Assignment >> Word for word, copy the line that contains "Land Rover Range Rover Evoque - 28" and each line after it in the data below. Pictures stay out of the copy.

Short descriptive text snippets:
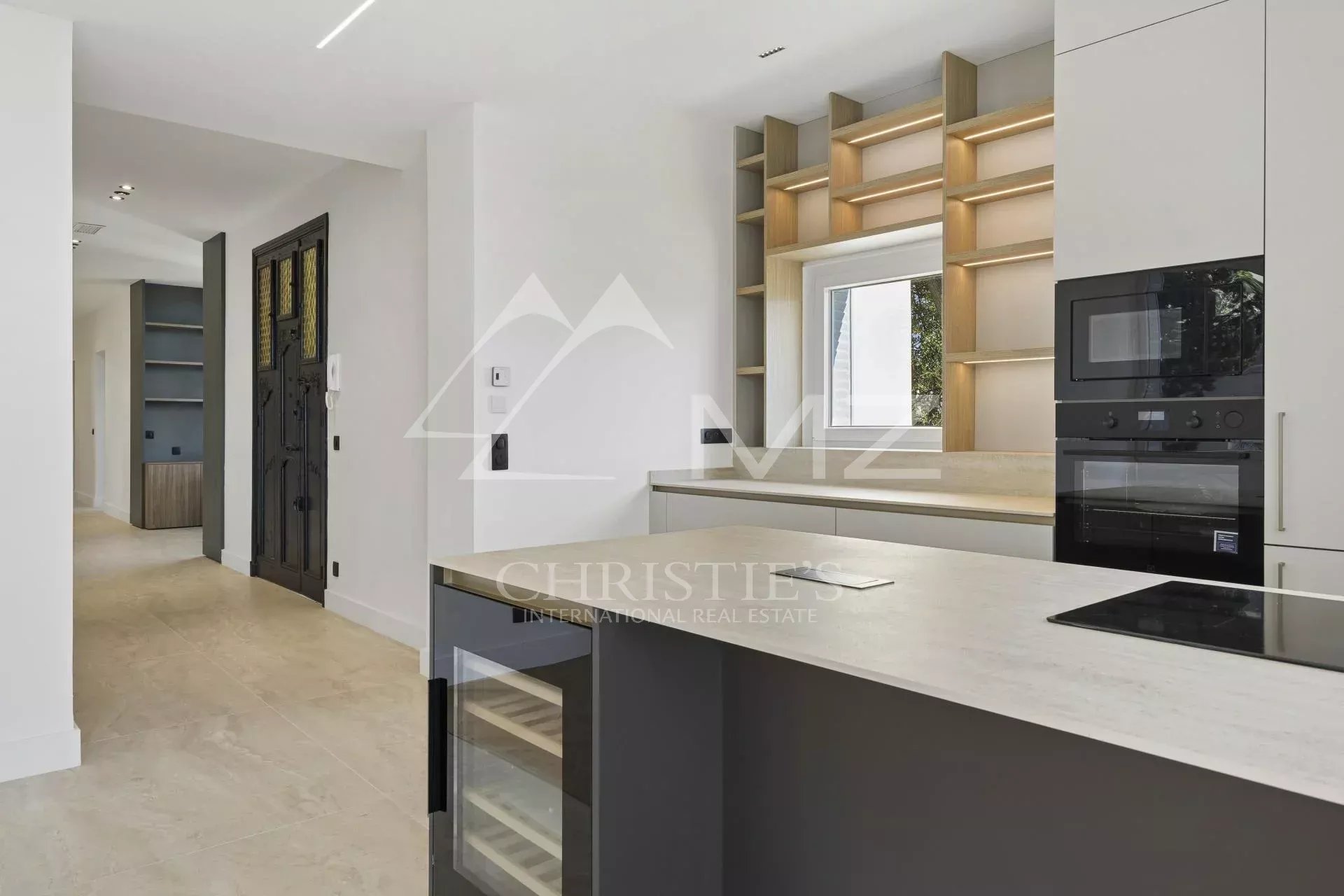 Le Cannet Europe stunning volumes for this apartment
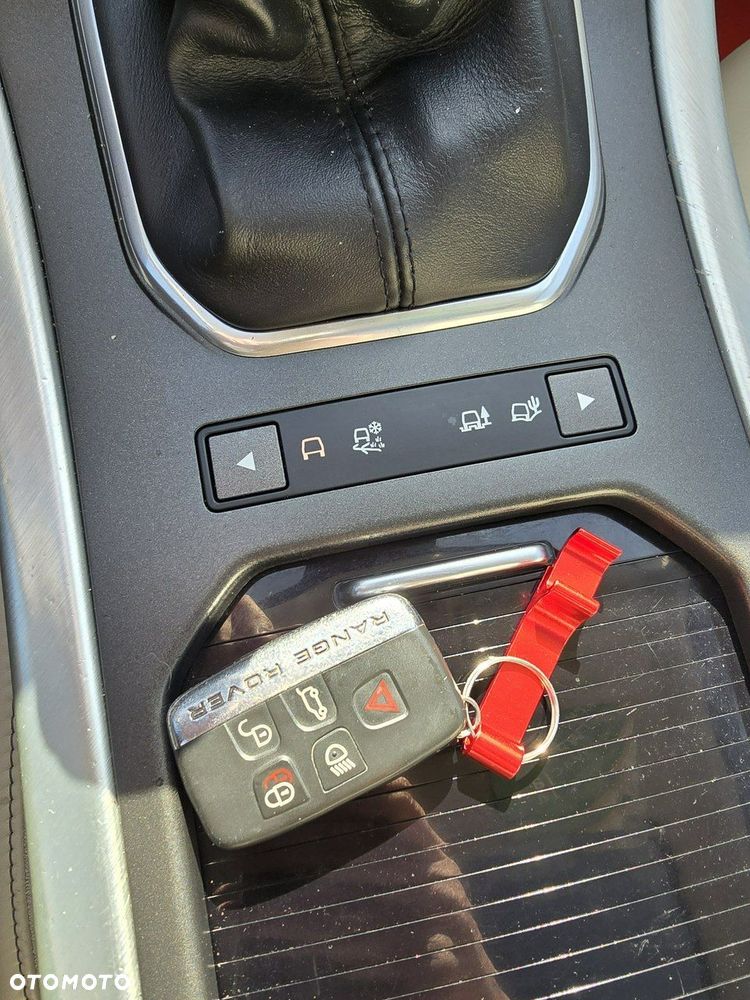 Land Rover Range Rover Evoque - 28
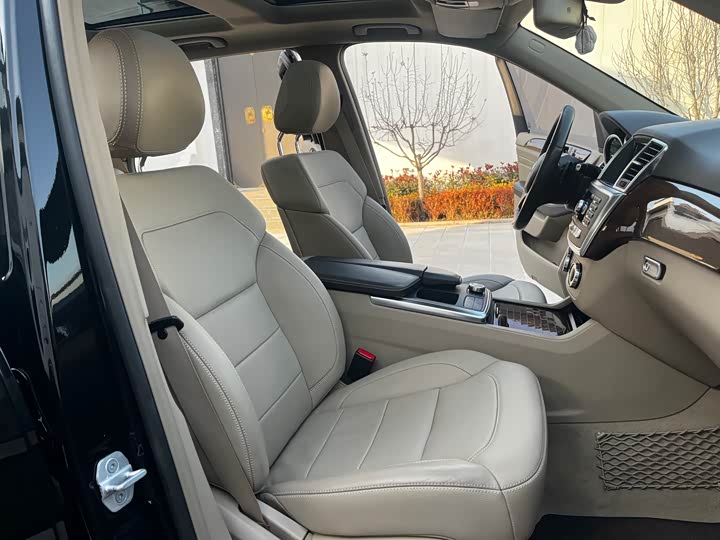 Mercedes-Benz M-Class 2015 ML 400 4 MATIC — фото 16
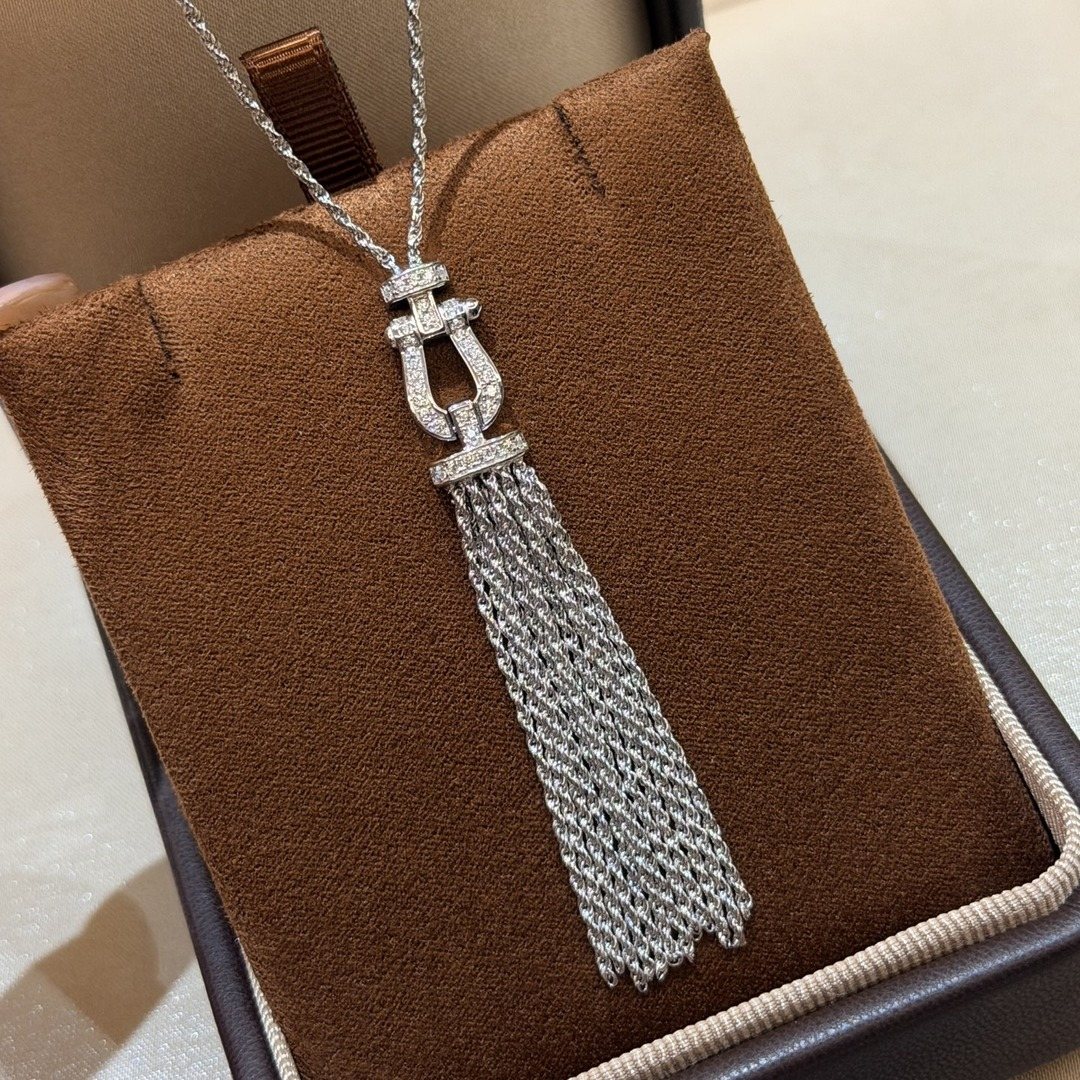 925 Sterling Silver Horsebit Tassel Necklace 925 Sterling Silver Horsebit Tassel Necklace
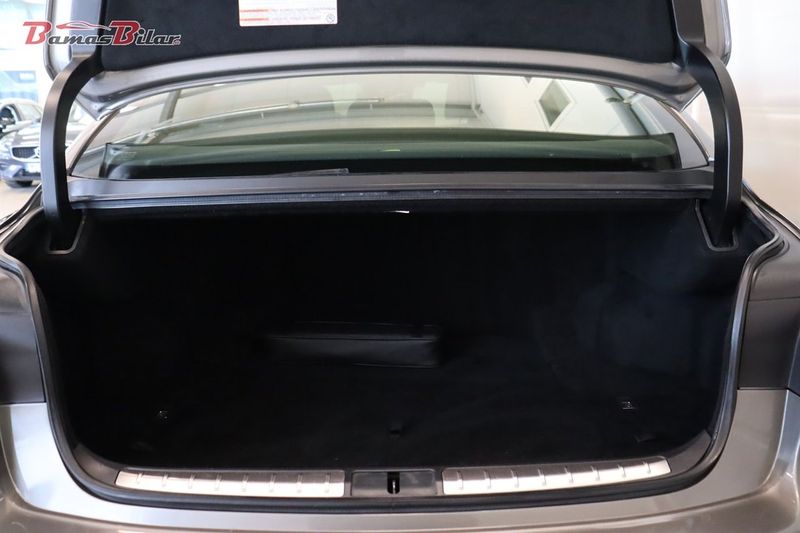 Lexus LS bild 23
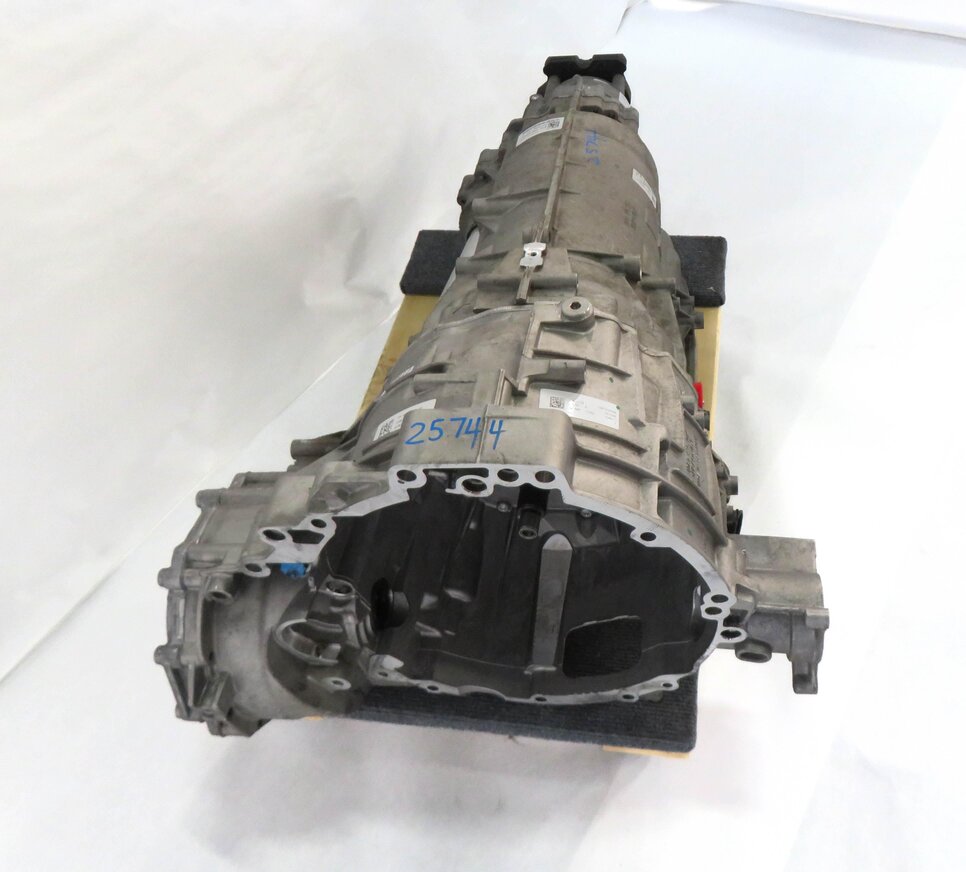 Thumbnail 3: 14-16 AUDI Q5 (B8 8R) TDI DIESEL PFJ 8-SPEED A/T TRANSMISSION ASSEMBLY (105k)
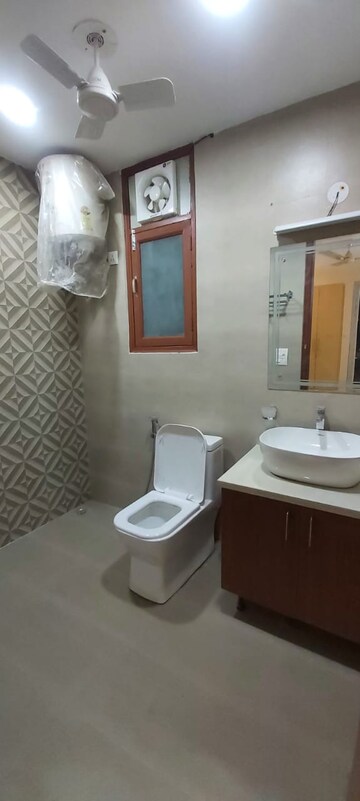 Bathroom in 3 BHK Builder Floor at Sector 31 – for Rent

Output >>
 Land Rover Range Rover Evoque - 28
 Mercedes-Benz M-Class 2015 ML 400 4 MATIC — фото 16
 925 Sterling Silver Horsebit Tassel Necklace 925 Sterling Silver Horsebit Tassel Necklace
 Lexus LS bild 23
 Thumbnail 3: 14-16 AUDI Q5 (B8 8R) TDI DIESEL PFJ 8-SPEED A/T TRANSMISSION ASSEMBLY (105k)
 Bathroom in 3 BHK Builder Floor at Sector 31 – for Rent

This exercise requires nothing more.